For those trying to maintain a nice yard, you know pests can totally be an issue, right? Well the same thing applies for big scale projects, like grassland restoration. For example, planting seeds to revive a region’s flora is significantly more difficult if local critters are eating up the seeds before they have a chance to grow. Non-toxic approaches are obviously not ideal, so looking for a natural alternative led scientists to a hot new idea, using peppers! Can hot peppers be used for pest control? Listen to this Question Your World radio report produced by the Science Museum of Virginia to find out.
For scientists trying to conserve our nation’s grasslands, solving this pest issue is a top priority. Here in the U.S., scientists have been planting seeds to revive native flora, but noticed that hungry deer mice were eating them before the plants could really take hold, thus making this restoration effort way more difficult.
Concerned conservationists are also always on the look out for non-toxic and non-environmentally harmful ways to protect our plants and grasses. The additional challenge here is doing it in an affordable way that won’t damage the plant or the land in the process. Well lucky for us, recently scientists tried a hot new idea and it seems to have some pretty impressive results.

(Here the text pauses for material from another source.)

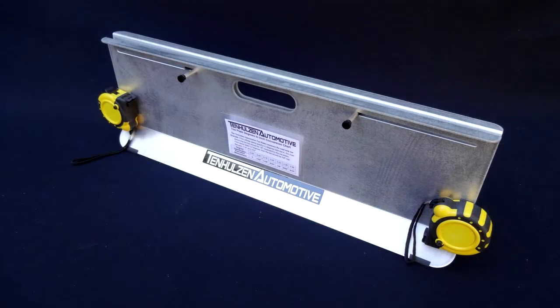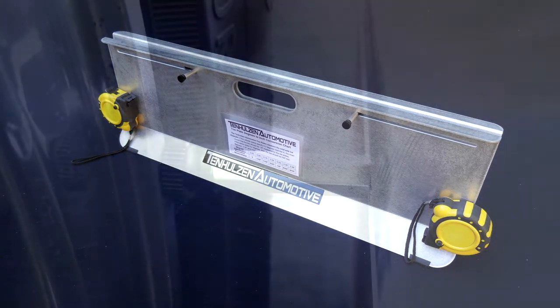The Tenholzen Automotive Tow Plates have several key features that set them apart from other brands. The patent-pending design measures directly from the wheel rim, not the tire like other brands. This gives our product unmatched accuracy.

After 4 years of lab and field testing in Montana’s Missoula Valley, scientists have finally struck gold. They discovered that what their plants needed was some capsaicin, the active ingredient in chili peppers responsible for that spicy and fiery taste. This is not the first time that this active ingredient has come into the picture for scientists. We’ve recently learned that capsaicin has also been linked to improved health and preventing some serious diseases too. That’s all for us humans. For now, let's get back to this story of mice and men...and peppers.
Scientists researched for years to find the right pepper. The perfect pepper would prevent animals from eating the crops but would not prevent the seeds from germinating. Also, this special pepper had to be able to withstand the elements and not wither away after a few months.
Enter the Bhut Jolokia, a ghost pepper from India and also one of the hottest peppers on Earth!
This ghost pepper’s capsaicin was applied as a coating around the seeds and it worked like a charm, giving scientists their non toxic and natural plant defense against hungry mice. In fact they noticed that 86% fewer seeds were being consumed by deer mice after the plants got the ghost pepper treatment. Proving once again that scientific application of red hot chili peppers could be more beneficial than just listening to the “Red Hot Chili Peppers.”